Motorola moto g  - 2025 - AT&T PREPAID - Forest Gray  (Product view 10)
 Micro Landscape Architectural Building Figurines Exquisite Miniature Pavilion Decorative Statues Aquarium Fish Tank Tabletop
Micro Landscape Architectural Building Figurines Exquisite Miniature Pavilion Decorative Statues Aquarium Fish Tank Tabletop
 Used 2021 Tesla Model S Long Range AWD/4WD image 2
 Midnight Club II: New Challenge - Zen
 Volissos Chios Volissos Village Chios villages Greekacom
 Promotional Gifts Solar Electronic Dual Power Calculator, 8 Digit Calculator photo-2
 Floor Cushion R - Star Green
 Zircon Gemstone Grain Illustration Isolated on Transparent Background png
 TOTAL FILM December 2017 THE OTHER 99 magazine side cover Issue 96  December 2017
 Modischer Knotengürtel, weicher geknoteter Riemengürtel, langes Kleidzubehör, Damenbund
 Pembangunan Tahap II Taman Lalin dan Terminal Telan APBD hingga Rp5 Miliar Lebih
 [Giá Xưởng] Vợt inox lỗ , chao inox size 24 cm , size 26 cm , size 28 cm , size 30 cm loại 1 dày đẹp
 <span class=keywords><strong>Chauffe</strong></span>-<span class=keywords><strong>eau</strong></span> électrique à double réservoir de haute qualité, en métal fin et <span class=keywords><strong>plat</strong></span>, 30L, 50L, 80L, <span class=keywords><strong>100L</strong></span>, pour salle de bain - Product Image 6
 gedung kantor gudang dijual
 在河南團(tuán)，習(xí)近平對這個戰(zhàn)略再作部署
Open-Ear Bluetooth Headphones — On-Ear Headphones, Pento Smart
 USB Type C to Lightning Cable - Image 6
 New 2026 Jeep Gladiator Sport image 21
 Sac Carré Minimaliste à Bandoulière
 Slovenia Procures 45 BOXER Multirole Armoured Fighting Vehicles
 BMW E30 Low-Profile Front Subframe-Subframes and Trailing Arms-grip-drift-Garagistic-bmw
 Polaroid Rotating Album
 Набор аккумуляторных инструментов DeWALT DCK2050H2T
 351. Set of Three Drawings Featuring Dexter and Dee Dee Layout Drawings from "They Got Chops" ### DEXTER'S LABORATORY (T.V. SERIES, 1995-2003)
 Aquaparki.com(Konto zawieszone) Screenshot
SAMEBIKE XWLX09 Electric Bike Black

■ ■ ■ ■

## [What needs to be done]
For this exercise, write out all of the data exactly.

## [Response box]
Motorola moto g  - 2025 - AT&T PREPAID - Forest Gray  (Product view 10)
 Micro Landscape Architectural Building Figurines Exquisite Miniature Pavilion Decorative Statues Aquarium Fish Tank Tabletop
Micro Landscape Architectural Building Figurines Exquisite Miniature Pavilion Decorative Statues Aquarium Fish Tank Tabletop
 Used 2021 Tesla Model S Long Range AWD/4WD image 2
 Midnight Club II: New Challenge - Zen
 Volissos Chios Volissos Village Chios villages Greekacom
 Promotional Gifts Solar Electronic Dual Power Calculator, 8 Digit Calculator photo-2
 Floor Cushion R - Star Green
 Zircon Gemstone Grain Illustration Isolated on Transparent Background png
 TOTAL FILM December 2017 THE OTHER 99 magazine side cover Issue 96  December 2017
 Modischer Knotengürtel, weicher geknoteter Riemengürtel, langes Kleidzubehör, Damenbund
 Pembangunan Tahap II Taman Lalin dan Terminal Telan APBD hingga Rp5 Miliar Lebih
 [Giá Xưởng] Vợt inox lỗ , chao inox size 24 cm , size 26 cm , size 28 cm , size 30 cm loại 1 dày đẹp
 <span class=keywords><strong>Chauffe</strong></span>-<span class=keywords><strong>eau</strong></span> électrique à double réservoir de haute qualité, en métal fin et <span class=keywords><strong>plat</strong></span>, 30L, 50L, 80L, <span class=keywords><strong>100L</strong></span>, pour salle de bain - Product Image 6
 gedung kantor gudang dijual
 在河南團(tuán)，習(xí)近平對這個戰(zhàn)略再作部署
Open-Ear Bluetooth Headphones — On-Ear Headphones, Pento Smart
 USB Type C to Lightning Cable - Image 6
 New 2026 Jeep Gladiator Sport image 21
 Sac Carré Minimaliste à Bandoulière
 Slovenia Procures 45 BOXER Multirole Armoured Fighting Vehicles
 BMW E30 Low-Profile Front Subframe-Subframes and Trailing Arms-grip-drift-Garagistic-bmw
 Polaroid Rotating Album
 Набор аккумуляторных инструментов DeWALT DCK2050H2T
 351. Set of Three Drawings Featuring Dexter and Dee Dee Layout Drawings from "They Got Chops" ### DEXTER'S LABORATORY (T.V. SERIES, 1995-2003)
 Aquaparki.com(Konto zawieszone) Screenshot
SAMEBIKE XWLX09 Electric Bike Black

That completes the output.